Your goal:
Where the line with "Morningstar.com login using" appears below, start writing out lines exactly, and finish with the line with "MEGIR 9190-4 men's", which is included; write out nothing else.

Recorded data:
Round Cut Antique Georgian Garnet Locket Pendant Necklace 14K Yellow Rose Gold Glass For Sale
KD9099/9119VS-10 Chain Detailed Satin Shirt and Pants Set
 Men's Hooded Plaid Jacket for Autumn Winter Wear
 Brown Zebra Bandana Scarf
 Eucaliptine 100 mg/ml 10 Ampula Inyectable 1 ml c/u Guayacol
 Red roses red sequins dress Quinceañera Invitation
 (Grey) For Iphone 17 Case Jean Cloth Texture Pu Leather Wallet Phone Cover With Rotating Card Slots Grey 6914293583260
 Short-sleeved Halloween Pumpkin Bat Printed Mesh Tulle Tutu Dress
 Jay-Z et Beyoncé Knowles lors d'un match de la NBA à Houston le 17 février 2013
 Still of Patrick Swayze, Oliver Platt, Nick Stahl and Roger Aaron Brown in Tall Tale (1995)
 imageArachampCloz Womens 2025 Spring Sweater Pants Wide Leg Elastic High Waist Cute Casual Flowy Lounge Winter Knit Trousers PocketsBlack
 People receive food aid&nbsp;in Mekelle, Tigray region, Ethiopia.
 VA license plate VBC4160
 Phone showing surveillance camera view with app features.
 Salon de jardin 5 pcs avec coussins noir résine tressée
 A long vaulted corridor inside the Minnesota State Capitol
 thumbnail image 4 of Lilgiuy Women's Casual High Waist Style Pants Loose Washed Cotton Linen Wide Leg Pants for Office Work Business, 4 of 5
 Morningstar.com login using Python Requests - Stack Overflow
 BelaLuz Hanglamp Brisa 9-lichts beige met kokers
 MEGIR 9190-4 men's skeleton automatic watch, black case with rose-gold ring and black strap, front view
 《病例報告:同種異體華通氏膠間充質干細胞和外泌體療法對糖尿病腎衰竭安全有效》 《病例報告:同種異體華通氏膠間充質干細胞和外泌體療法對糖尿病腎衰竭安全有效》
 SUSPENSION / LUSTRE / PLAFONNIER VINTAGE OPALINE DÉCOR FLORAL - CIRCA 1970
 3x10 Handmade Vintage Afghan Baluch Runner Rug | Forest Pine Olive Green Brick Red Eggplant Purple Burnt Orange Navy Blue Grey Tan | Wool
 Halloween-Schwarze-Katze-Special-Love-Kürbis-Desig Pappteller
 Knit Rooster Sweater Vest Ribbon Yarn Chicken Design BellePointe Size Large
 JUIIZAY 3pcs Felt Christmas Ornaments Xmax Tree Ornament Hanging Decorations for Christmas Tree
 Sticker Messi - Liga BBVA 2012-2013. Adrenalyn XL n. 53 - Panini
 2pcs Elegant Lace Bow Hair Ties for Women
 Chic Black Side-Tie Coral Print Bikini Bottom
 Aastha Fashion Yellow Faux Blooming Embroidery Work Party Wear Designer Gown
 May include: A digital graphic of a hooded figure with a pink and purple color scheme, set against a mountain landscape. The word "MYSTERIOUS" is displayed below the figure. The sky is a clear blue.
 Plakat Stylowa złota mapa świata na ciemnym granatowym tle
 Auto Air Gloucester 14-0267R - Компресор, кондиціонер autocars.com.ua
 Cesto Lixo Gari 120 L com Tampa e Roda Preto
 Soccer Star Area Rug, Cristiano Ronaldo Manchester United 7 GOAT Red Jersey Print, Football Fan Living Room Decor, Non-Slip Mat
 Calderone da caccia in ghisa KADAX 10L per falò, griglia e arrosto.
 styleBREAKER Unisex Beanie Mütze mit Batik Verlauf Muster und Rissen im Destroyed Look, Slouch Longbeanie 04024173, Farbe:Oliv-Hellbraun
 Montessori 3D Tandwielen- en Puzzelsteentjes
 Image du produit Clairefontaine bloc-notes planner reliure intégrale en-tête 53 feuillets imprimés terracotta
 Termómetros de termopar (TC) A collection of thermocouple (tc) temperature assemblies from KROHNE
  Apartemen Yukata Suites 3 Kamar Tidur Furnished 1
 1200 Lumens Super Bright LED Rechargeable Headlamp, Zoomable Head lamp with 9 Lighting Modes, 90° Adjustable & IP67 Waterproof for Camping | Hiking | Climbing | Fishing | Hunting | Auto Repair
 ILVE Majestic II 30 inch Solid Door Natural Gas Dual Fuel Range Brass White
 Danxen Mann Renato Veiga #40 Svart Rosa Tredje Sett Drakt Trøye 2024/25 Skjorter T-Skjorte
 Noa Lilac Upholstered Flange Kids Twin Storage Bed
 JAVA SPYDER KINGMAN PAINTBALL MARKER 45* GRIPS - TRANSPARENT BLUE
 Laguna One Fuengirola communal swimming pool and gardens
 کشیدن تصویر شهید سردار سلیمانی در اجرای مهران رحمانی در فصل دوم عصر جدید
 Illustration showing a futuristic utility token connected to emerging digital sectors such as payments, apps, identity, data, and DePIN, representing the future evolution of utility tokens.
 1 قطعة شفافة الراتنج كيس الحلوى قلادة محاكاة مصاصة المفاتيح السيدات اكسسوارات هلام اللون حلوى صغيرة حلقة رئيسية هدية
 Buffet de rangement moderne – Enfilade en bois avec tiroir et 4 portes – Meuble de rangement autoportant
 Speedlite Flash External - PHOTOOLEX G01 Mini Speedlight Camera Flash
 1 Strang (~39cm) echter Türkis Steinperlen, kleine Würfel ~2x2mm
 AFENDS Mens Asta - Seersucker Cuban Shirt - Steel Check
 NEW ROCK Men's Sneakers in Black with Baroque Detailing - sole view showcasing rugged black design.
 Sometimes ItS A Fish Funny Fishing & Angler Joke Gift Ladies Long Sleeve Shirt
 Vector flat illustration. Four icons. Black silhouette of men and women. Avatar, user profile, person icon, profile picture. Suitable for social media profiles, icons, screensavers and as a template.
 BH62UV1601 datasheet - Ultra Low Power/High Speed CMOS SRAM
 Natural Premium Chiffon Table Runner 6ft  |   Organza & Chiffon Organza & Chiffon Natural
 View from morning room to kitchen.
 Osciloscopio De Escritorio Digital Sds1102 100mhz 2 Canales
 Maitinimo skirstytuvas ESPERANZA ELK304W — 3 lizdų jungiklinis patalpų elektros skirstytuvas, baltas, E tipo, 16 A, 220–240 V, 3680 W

Reply to the exercise:
 Morningstar.com login using Python Requests - Stack Overflow
 BelaLuz Hanglamp Brisa 9-lichts beige met kokers
 MEGIR 9190-4 men's skeleton automatic watch, black case with rose-gold ring and black strap, front view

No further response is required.